Among the presumed benefits of massage is that it increases blood flow, which would ostensibly mean more oxygen and faster removal of waste. Other believed benefits are improved muscle recovery and flushing of lactic acid to reduce soreness. Unfortunately, in assessments of the current research, including a highly cited review by a team from New Zealand, the science simply isn’t there. Multiple studies using a variety of techniques to measure blood flow have found no difference. In fact, one study found that massage impedes blood flow by as much as 25 percent.
While Tiidus says some studies have measured small reductions in self-reported soreness, most human studies have found no improvement in muscle recovery.
Scientists have long since dismissed lactic acid as a villain. “We’ve known for a long time that lactic acid has absolutely nothing to do with muscle soreness,” says Tiidus. “Muscle soreness is an inflammatory response.” That inflammation is caused by the immune system responding to muscle damage and not by lactate.

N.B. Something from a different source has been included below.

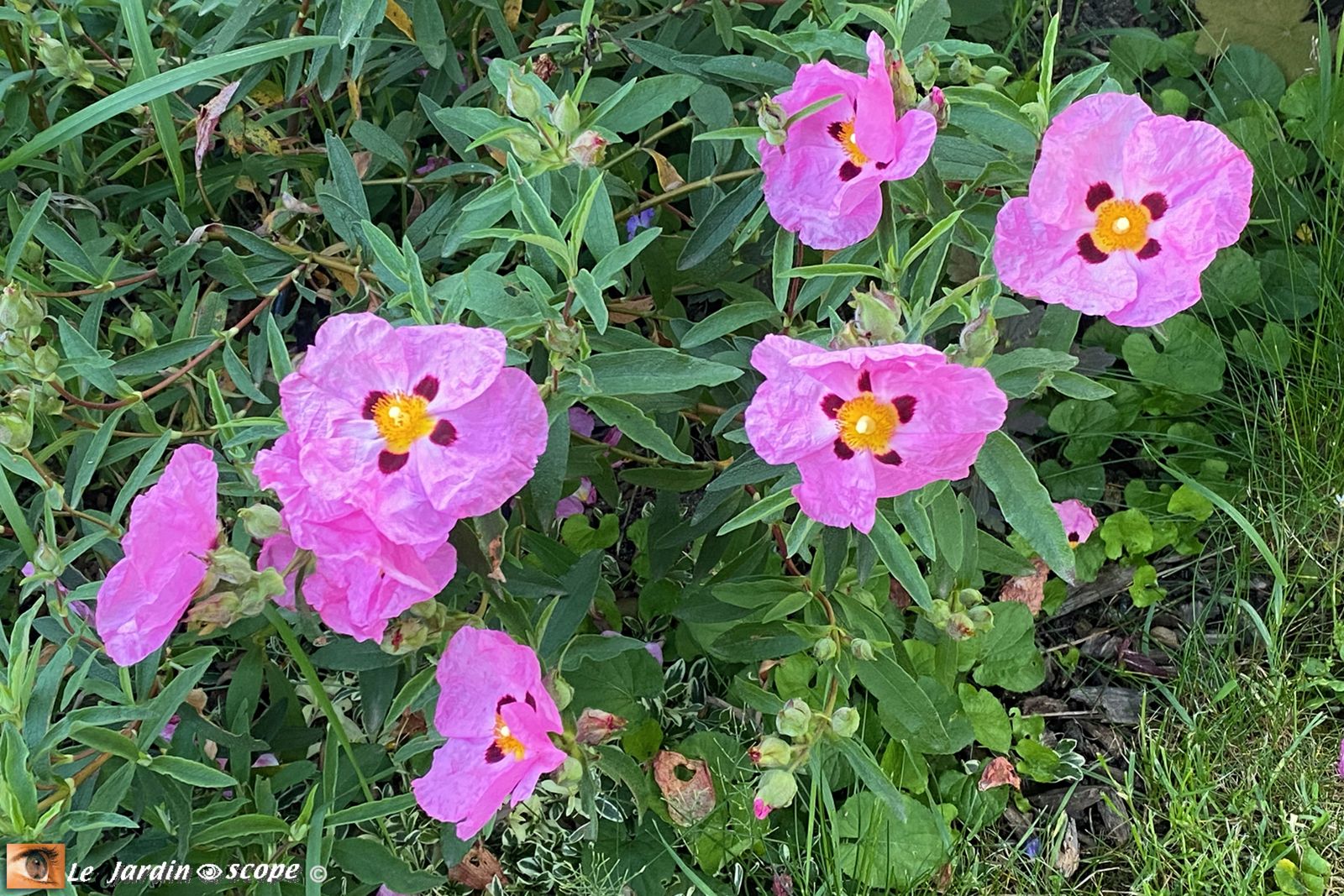 Cistus x purpureus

Of course, absence of evidence isn’t evidence of absence. Perhaps researchers spent so much time chasing blood flow and lactic acid they’ve only now started to scratch the surface of the inflammation angle and massage’s role in it. “Maybe there are things that we’re not measuring that we should be measuring better,” Tiidus says.
Inflammatory claims
A small but growing body of research suggests that researchers have been following the wrong leads. Tiidus points to two recent massage studies — one on rabbits and one on humans — indicating that massage’s potential benefits may have something to do with inflammation.

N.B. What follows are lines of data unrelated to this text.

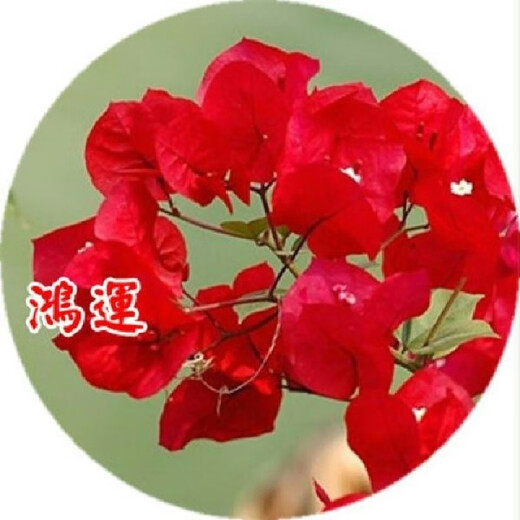 Bougainvillea seeds Bougainvillea seeds Bougainvillea flower seeds Bougainvillea flower seeds Potted Four Seasons Eight Pink Diamonds 100 capsules
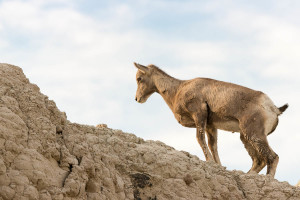 Bighorn Sheep - Badlands NP - SD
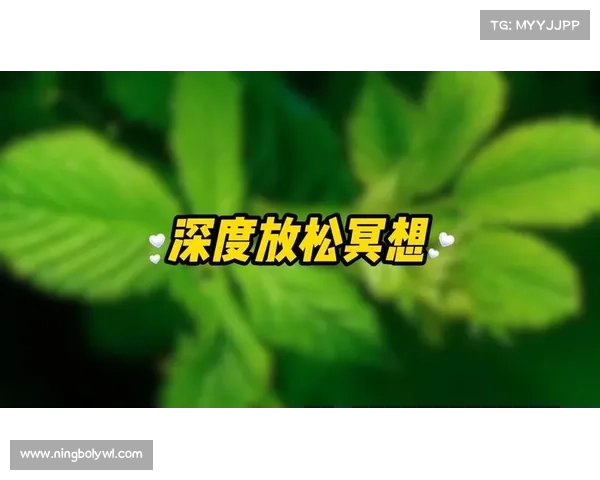 轻松愉快放松心情的休闲小游戏玩法全攻略助你释放压力享受片刻宁静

When we train hard, we damage our muscles, and the immune system responds. White blood cells such as neutrophils and macrophages travel to the damaged tissue, where they release inflammatory chemicals, break down the damaged parts, and signal muscle repair. While this results in soreness, you want this inflammation, because without it the muscles can’t rebuild.
But there can definitely be too much of a good thing.
“If you get too many neutrophils coming in, you cause secondary damage,” Tiidus explains. “They start to injure some of the healthy tissue as well.” On the flip side, blocking inflammation inhibits the repair process. So the trick is finding a happy medium.
In the rabbit study, massage reduced neutrophil and macrophage flow to the injured muscles by 53 and 70 percent, respectively. The massaged muscles were back to peak force after four days, a 119 percent improvement over the non-massaged controls.
The human study found that massage immediately after exercise shifts the balance in two key chemicals released by immune cells: NF-κB and PGC-1α. The former slows muscle repair, while the latter controls inflammation and promotes the growth of mitochondria, which are our muscle’s aerobic power plants.
Massage reduced NF-κB and increased PGC-1α, promoting repair and preventing too much inflammation. The study was limited, however, in that it looked only at a period of 2.5 hours after training.
So clearly much more research needs to be done. Unfortunately, there isn’t a lot of money for massage research. And unless a big drug company can patent some form of deep-tissue manipulation, things will probably stay that way.
Based on our current knowledge, Tiidus says he wouldn’t discourage massage. But if you’re getting on fine without it, “I wouldn’t necessarily recommend spending your $60 per hour,” he says.
Eric Young is equally pragmatic. “There are a thousand things that impact your performance and are important for recovery and racing,” he says. “I think [massage] is just one more piece of the puzzle.”
Sadly, until science catches up, you’re going to have to decide for yourself. But feel free to hang onto your houseplants.